# [Short descriptive text snippets]

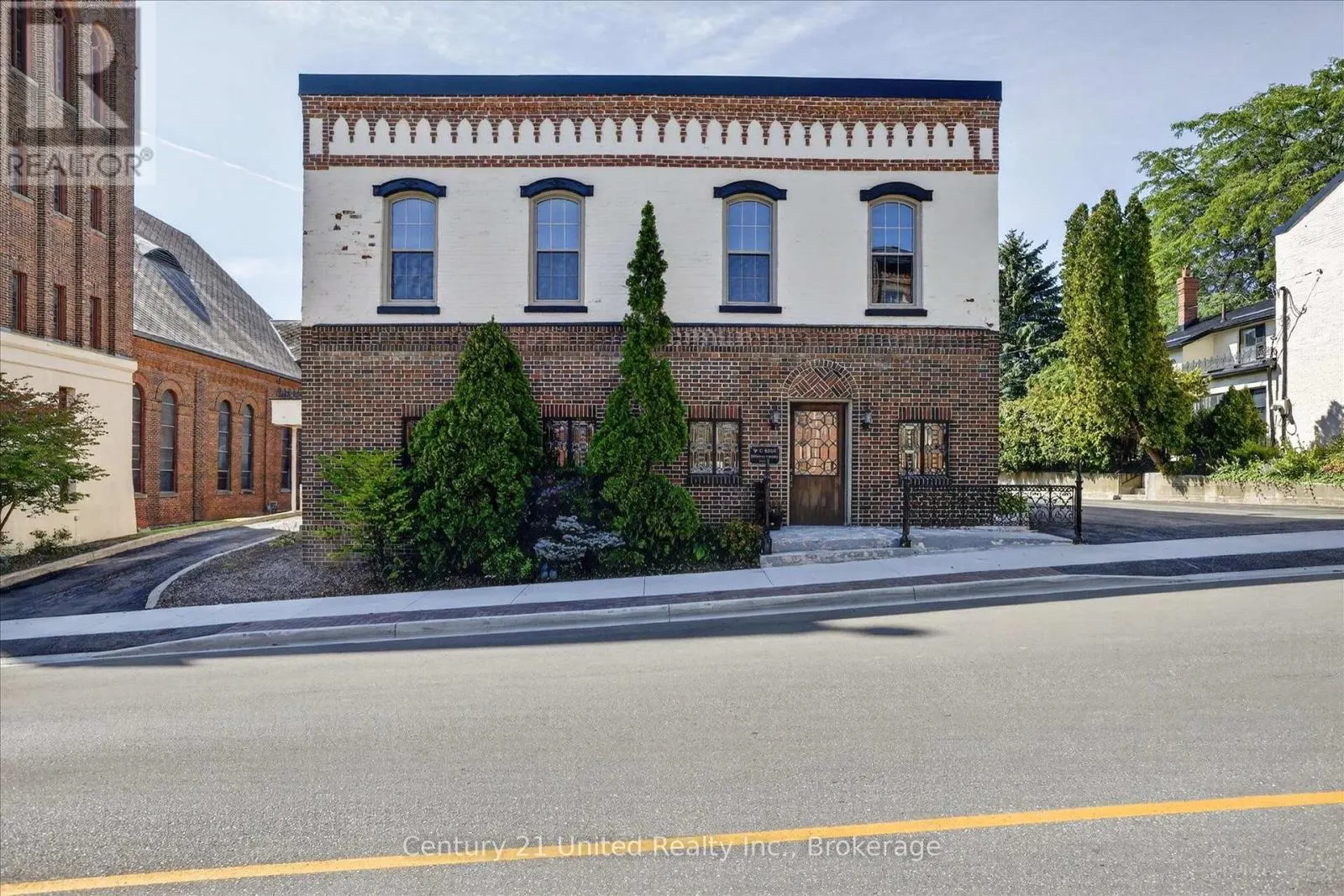 135 WALTON STREET
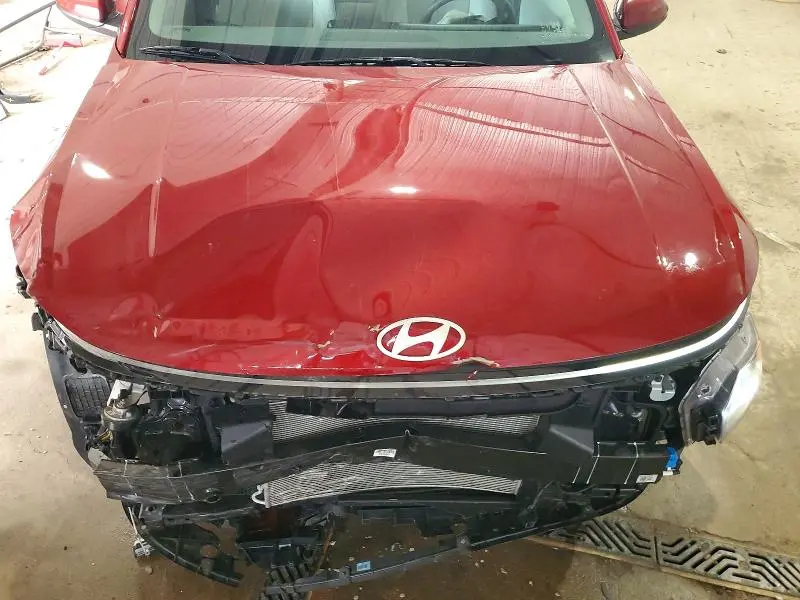 2025 HYUNDAI KONA SE  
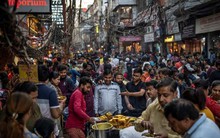 Sắp "vượt mặt" Trung Quốc để trở thành nước đông dân nhất thế giới, quốc gia này sẽ phải đối đầu với những thách thức cần tới vài thập kỷ để giải quyết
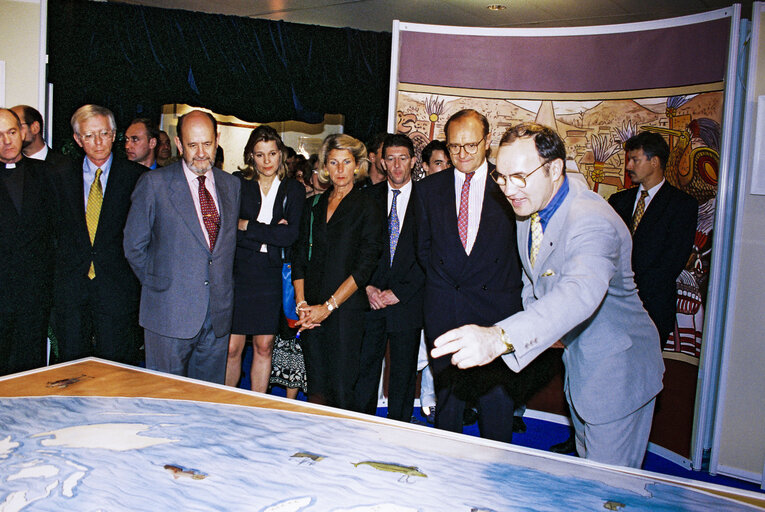 Photo 31 : Event for the launch of Euro currency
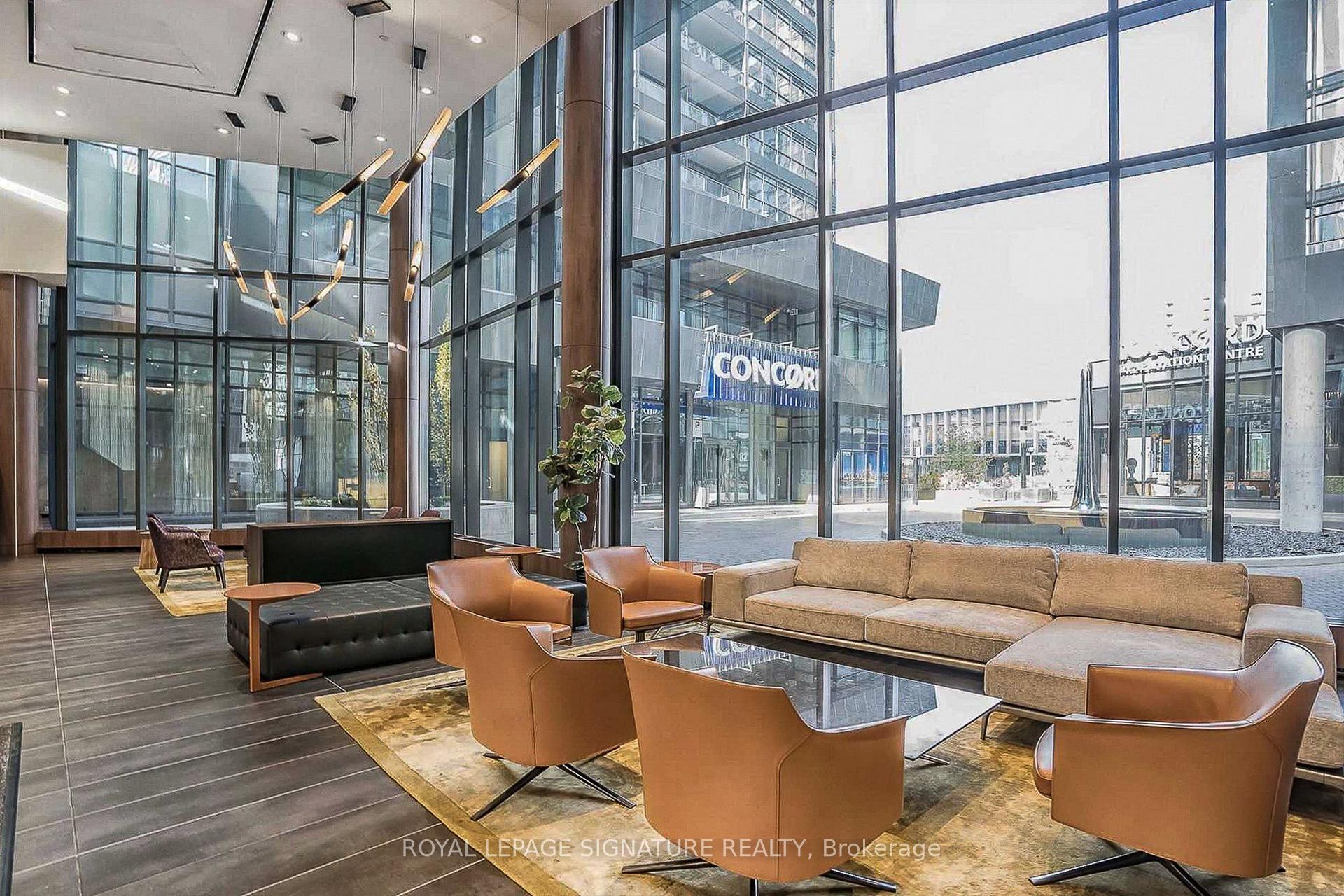 Photo 3 of Unit 2115, 70 Queens Wharf Road, Toronto, Waterfront Communities — HOMEH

# [THE TASK]
Print each record as it appears above, dropping every picture from the copy.

# [RESPONSE AREA]
 135 WALTON STREET
 2025 HYUNDAI KONA SE  
 Sắp "vượt mặt" Trung Quốc để trở thành nước đông dân nhất thế giới, quốc gia này sẽ phải đối đầu với những thách thức cần tới vài thập kỷ để giải quyết
 Photo 31 : Event for the launch of Euro currency
 Photo 3 of Unit 2115, 70 Queens Wharf Road, Toronto, Waterfront Communities — HOMEH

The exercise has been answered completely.